I think Ourph is right here. As far as I can see, nothing in the licence or the usage guidelines precludes one from saying that the game element denoted by a certain 4e Reference does not exist in a given campaign world.
 

Yair said:
What isn't cool is that WotC allows this in a way that poisons the content you create. If you write the Rapan Athuk adventure for 4e - great! but now you can't publish Rapan Athuk 3e, or True20, adventures - not so great, but acceptable. What's really got people in a tangle is that when 4e ends, and the GSL is hence revoked - you can't take Rapan Athuk and publish it under the OGL, under the Pathfinder Tenth Edition rules. You arguably can't even publish it under any other system, or into the public domain, as WotC is the sole judge of what's part of the same "product line", and may look at the content in deciding that. That's just has nothing to do with being allowed to make supplements rather than variant games, it goes way beyond that.
What part of the licence precludes publication of an adventure after the GSL is terminated? Clauses 6.2 and 6.3 preclude publication under the OGL, subsequent to publication of a new product or conversion of an OGL produce, of a GSL product. They do not preclue publication of that product under any other licence (and in fact 10.2 contemplates just this possibility) or independently of any licence.
 


pemerton said:
Australia is also a federal system, but under our constitution we do have a single common law of Australia (although, in practice, there are some variations from state to state because of the way our superior courts are structured).
Odd I thought that you were a centralized system like Britain and many of the other former Commonwealth nations. In fact my college political science texts used Australia as an example of a unitary state. Oh well, nice to find out.

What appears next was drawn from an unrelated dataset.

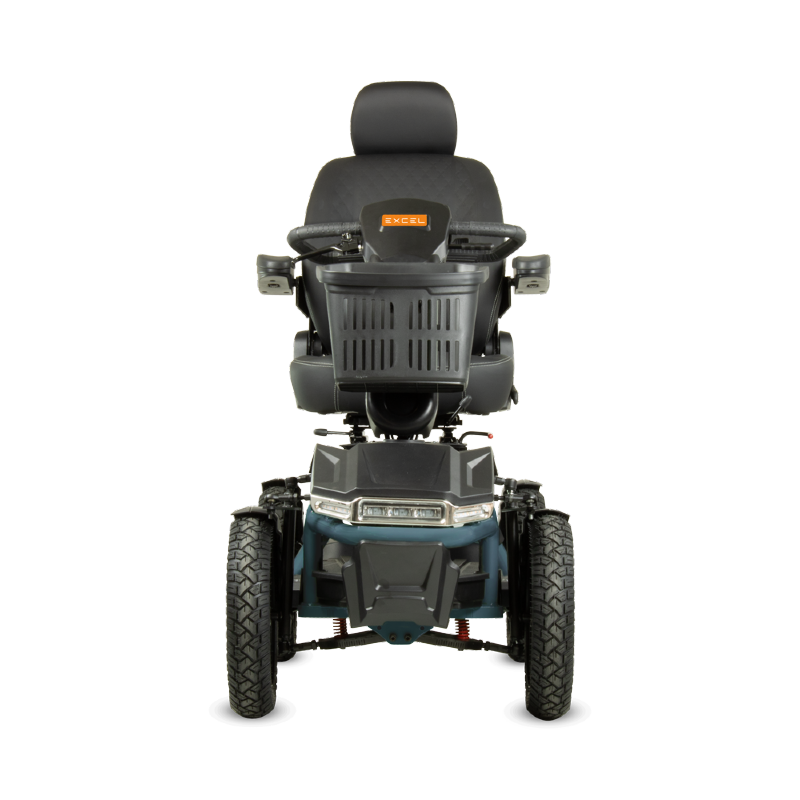 /content/image/Products/Scooters/Road/Supernova/supernova3.png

Nevertheless, I would be surprised if there is any US jurisdiction which does not have some doctrine pertaining to excessive contractual penalties - I would expect the question to be, rather, one of what constitutes excess in such a case.
You're right that every State will have some legal code pertaining to what constitute enforceable contractual penalties. Thing is there's no guarantee any two states will have the same idea of what is enforceable. On top of that a state may or may not honor the verdict of another state regarding the contract based on its own laws and any agreements or lack thereof between the various states.
 

HeavenShallBurn said:
Odd I thought that you were a centralized system like Britain and many of the other former Commonwealth nations. In fact my college political science texts used Australia as an example of a unitary state. Oh well, nice to find out.
In that case I wouldn't regard your text book as very reliable! Australia has been a federal Commonwealth since federation in 1901 (prior to federation Australia was a collection of mostly self-governing British colonies).